Jean-Philippe Blondel, Pedro Carmona-Alvarez, Jonas Karlsson, and Kjersti Annesdatter Skomsvold, moderated by Michael Holtmann
It’s human nature — the past is always waiting to ambush us even as time hurtles us toward future unknowns. The four international novelists participating in this discussion will describe how they exploit this universal truth while fleshing out their fictional characters, setting up scenes, and plotting their stories.
Jean-Philippe Blondel was born in 1964 in Troyes, France, where he lives as an author and English teacher. His novel "The 6:41 to Paris" has been a bestseller in both France and Germany. Library Journal reviewed the novel as "Perfectly written and a remarkably suspenseful read ... an absorbing, intriguing, insightful book for all readers."
Writer, musician, and translator Pedro Carmona-Alvarez's first collection of poems, "Helter" ("Heroes"), was followed by four volumes of poetry and three novels. His latest book, "The Weather Changed, Summer Came, and So On" won the Norwegian National Radio Award for best novel in 2012. He was born in Chile and has lived in Norway since the age of 11. Carmona-Alvarez releases his music under the name of Moonpedro and The Sinking Ship.
Michael Holtmann is the director of the Center for the Art of Translation and Two Lines Press in San Francisco, California. Prior to joining the Center, he held positions at the National Endowment for the Arts, where he oversaw national literature initiatives, and the Folger Shakespeare Library, home to the world’s largest Shakespeare collection.
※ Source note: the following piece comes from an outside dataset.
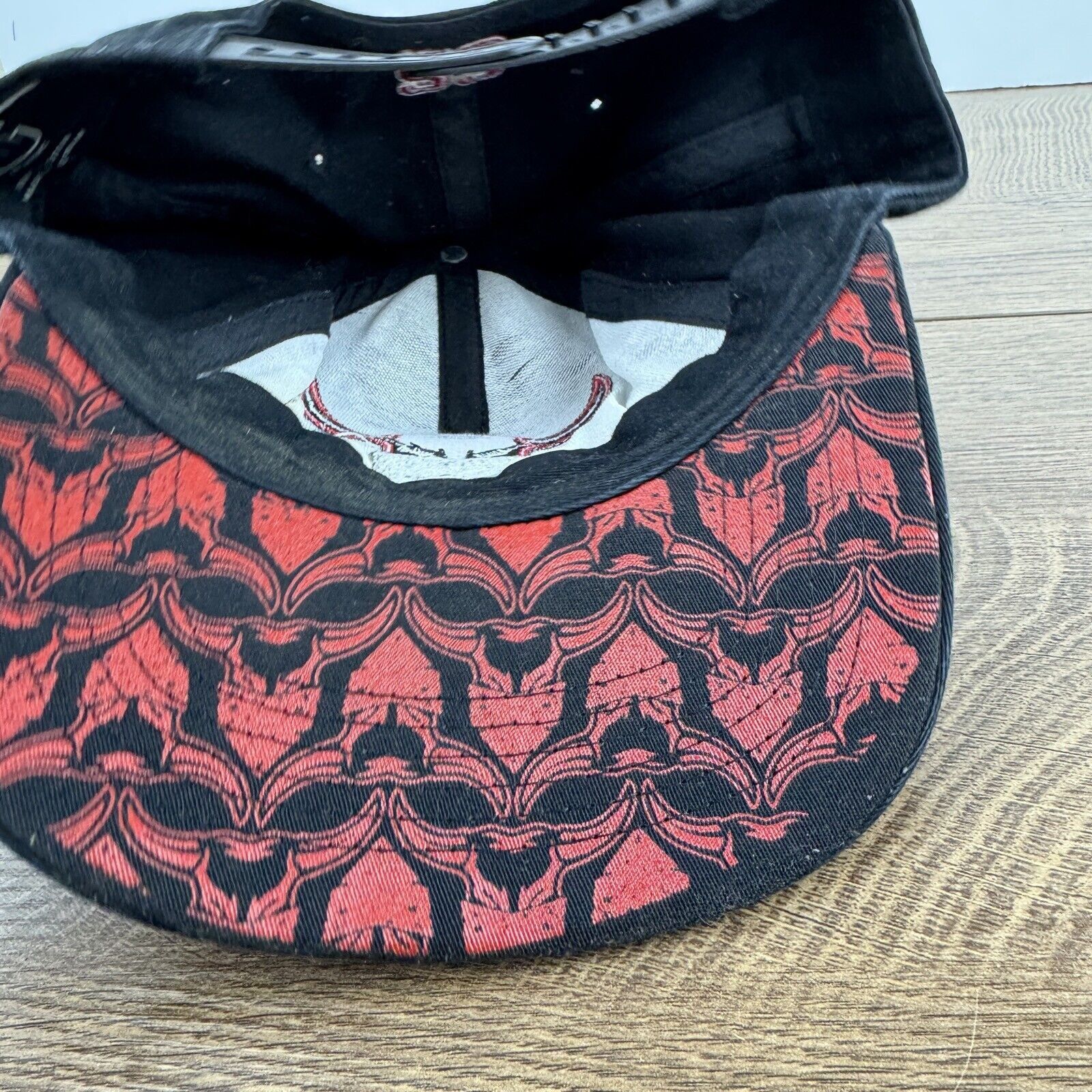 Other Chicago Bulls Snapback Hat 23 Black Hat Adjustable Adult Siz Size ONE SIZE - 13 Thumbnail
Jonas Karlsson's "The Room" was described in Booklist as "Part psychological drama documenting a disturbed man’s possible descent into madness, and part satirical take on corporate culture and the alienated workers it produces." One of Sweden’s most prominent actors, Karlsson has performed on Sweden’s premier stage and in several acclaimed feature films and television series. With an actor’s ear for the silences that endow dialogue with meaning, and a singular ability to register moods and emotions, Karlsson has blossomed into a one of Scandinavia’s finest literary authors, with two novels and three short story collections published to date.
Kjersti Annesdatter Skomsvold
Kjersti Annesdatter Skomsvold is from Oslo, Norway. She made her literary debut in 2009 with the novel "The Faster I Walk, the Smaller I Am." Nominated for the Norwegian Book Sellers' Prize, it won the Tarjei Vesaas First Book Prize (judged by The Literary Council of The Norwegian Authors' Union), and was shortlisted for the International IMPAC Dublin Literary Award 2013. The National Theatre (Oslo) will produce a play based on the novel.